If you scroll up a bit, you'll find my crib from "Code Reuse Through Polymorphic Variants," in O'Caml, of an elaboration of three evaluators for a language. The types (var, lambda, expr, and lexpr) are all open thanks to being based on polymorphic variants. The evaluators are all open thanks to relying on open recursion. However, the evaluators are also all annotated to accept only the specific type they evaluate, but to possibly return a subtype—any subtype—of the type that they accept. So as you can see, it's quite possible to restrict a function to taking a specific (union) type and still remain open. And that's just one possible approach; the "Code Reuse Through Polymorphic Variants" web page provides about half a dozen others, with various uses of modules, objects, regular variants, and so on. You might find it interesting.

They are not the same thing, and that's why any attempt to make them the same thing will impose constraints on typical use cases for one or the other. If union types're open, I've no way of knowing that my standard inductive list type's not just been turned into a tree by Moe or Joe "helpfully" adding a data constructor

Branch a (List a) (List a)

. That's a constraint on what I can do with the type system.

You can in fact do subtyping on union types. It turns out to work 'backwards' compared to subtyping on records, but nevertheless has its uses (but see earlier comment about row polymorphism - I've a bad habit of confusing the two because row polymorphism effectively comes with a notion of subtyping).

If you want your union type closed, then the language should allow just that. But in some cases, it may be needed to be open.

A type T1 that is a part of a union type T is a subtype of T, for all practical purposes.

No. I might have more than one data constructor that takes parameters of exactly the same type. There's a link, but it's not as strong as you're claiming.

You're right that open unions have their uses - the classical example would be exceptions. I've advocated them as an option before. They most certainly should not be the default though.

Could you please tone down the claims you make when you think you've spotted a link? You do this regularly, and you get it wrong.

Your notion of first-class types seems to resemble so-called dependent types. There have been a number of experimental languages with dependent types, e.g. Cayenne or Epigram, which emphasize the ability to express all kinds of properties on the type level.

Note however that type theories with unrestricted Type:Type are known to be undecidable, and often otherwise problematic as well (e.g. logical inconsistencies can arise). This is usually circumvented by introducing towers of universes, Type_i, where Type_i:Type_i+1, but not vice versa.

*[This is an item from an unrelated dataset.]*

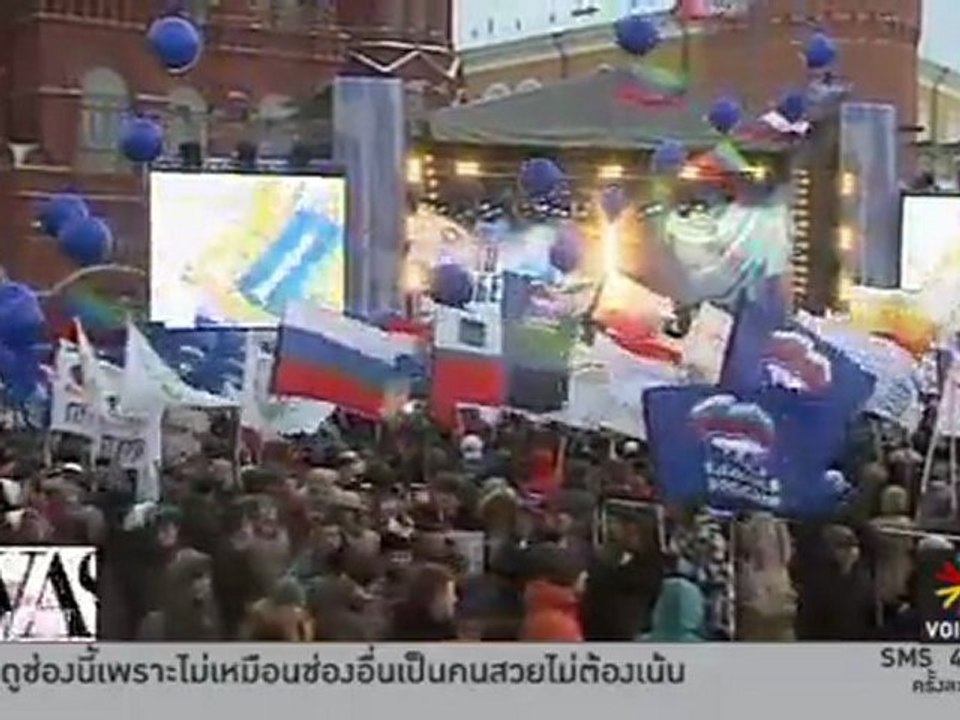 Divas Cafe ประจำวันที่ 6 มีนาคม 2555 : อนุรักษ์นิยม VS เสรีนิยม กรณี โหดสัส ศาสดา และ สมาคมรีพอร์ตฯ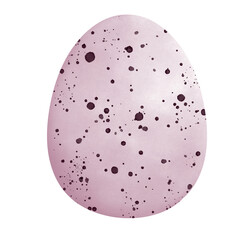 Easter egg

I am a long-time fun of the idea that values are types. See an old comment of mine here:

http://lambda-the-ultimate.org/node/1273#comment-14206

First of all, I have to disagree on subtyping being 'bad' (as in 'XML is bad'). Subtyping is nothing more than classification based on desired properties. In other words, a grouping of values (hence my claim that subtyping equals union types). And with grouping comes reuse. The real problem with subtyping is its implementations: current implementations enforce a cast-in-stone relationship between types which may not always be desirable.

Secondly, I think you can built all types out of three basic types: 0, 1, and a tuple of those. The infinite combinations of 0 and 1 in different configurations can produce infinite types.

For example, a bit is a union type = 0 | 1.
A byte is a tuple of 8 bits.
A short integer is a tuple of 2 bytes.
An integer is a tuple of 2 16-bit words.
A pointer is a tuple of 32 bits.
A linked list is a tuple of two pointers and an integer.
A class is a tuple of its members and a vtable.

So how do you distinguish a pointer from a 32 bit integer? How do you distinguish pointers to bytes from pointers to integers? How do you express the types of functions?

More importantly, how do you express type abstraction? Your examples seem to completely miss the fact that types should express properties (i.e. semantics), not representations (i.e. implementation).

Of course you can encode any kind of information into bit sequences, but that's not news. What's the point of using such a low-level approach for types?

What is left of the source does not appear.